## YOUR ASSIGNMENT
Word for word, copy the lines beginning at the one with "2242 E Meadow Drive, Springfield, MO 65804" and ending at the last line below; pictures stay out.

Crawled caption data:

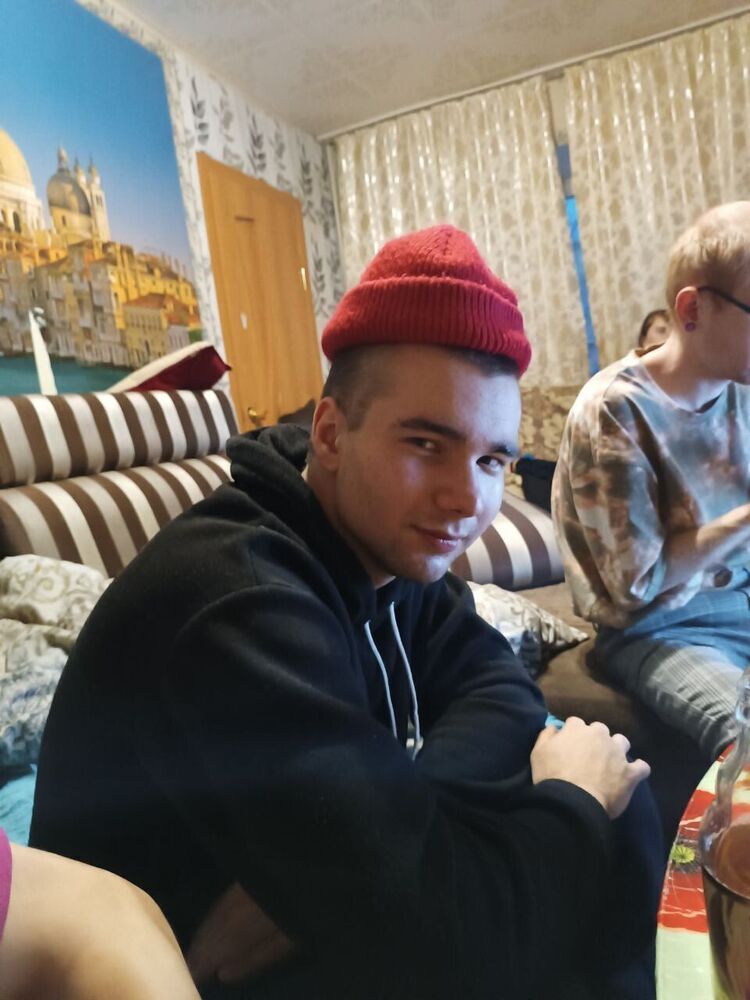  ,   Vlad, 22 ,   ,   , c , 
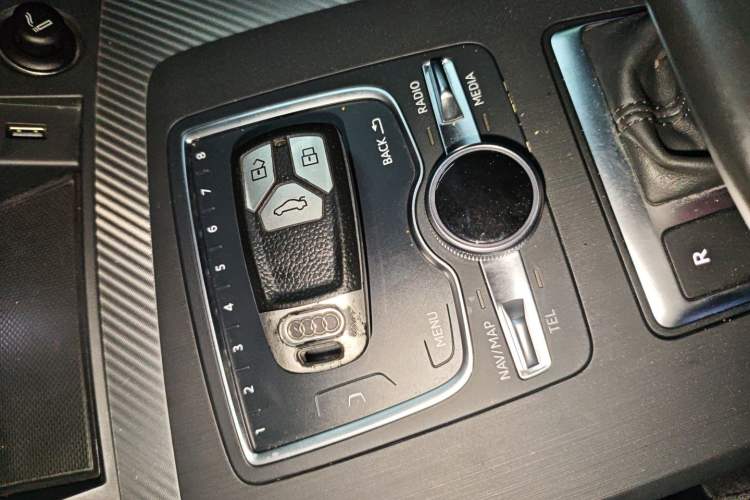 Used Audi Q5L 2020 45 TFSI Prestige Fashion Model Interior 1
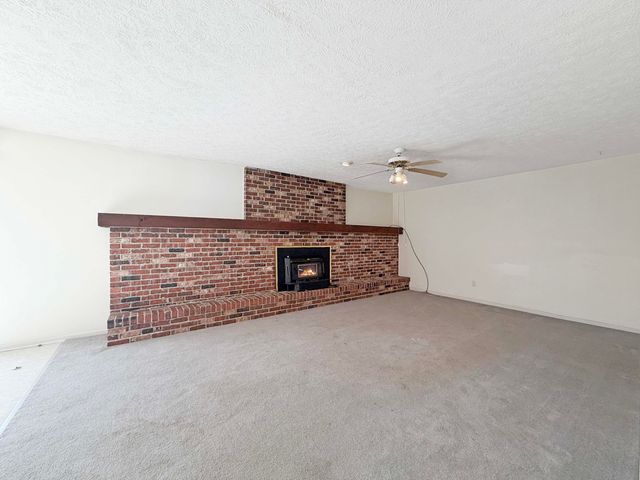 2242 E Meadow Drive, Springfield, MO 65804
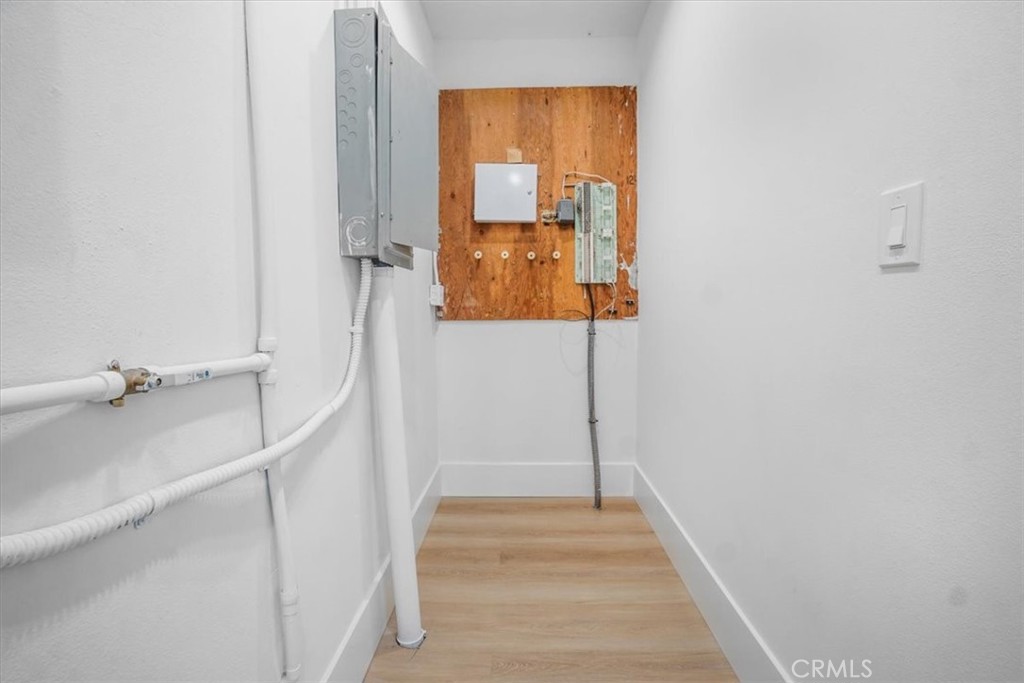 1240 N Jefferson Street B Property Photo 10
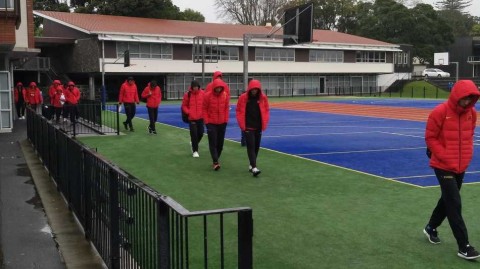 南半球的寒冬热练 中国男篮蓝队新西兰拉练穿上棉衣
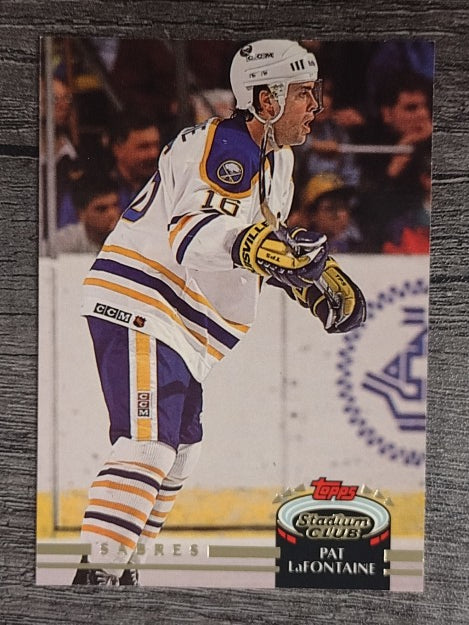 1992-93 Stadium Club #95 Pat LaFontaine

## SOLUTION FOR THIS PROBLEM
 2242 E Meadow Drive, Springfield, MO 65804
 1240 N Jefferson Street B Property Photo 10
 南半球的寒冬热练 中国男篮蓝队新西兰拉练穿上棉衣
 1992-93 Stadium Club #95 Pat LaFontaine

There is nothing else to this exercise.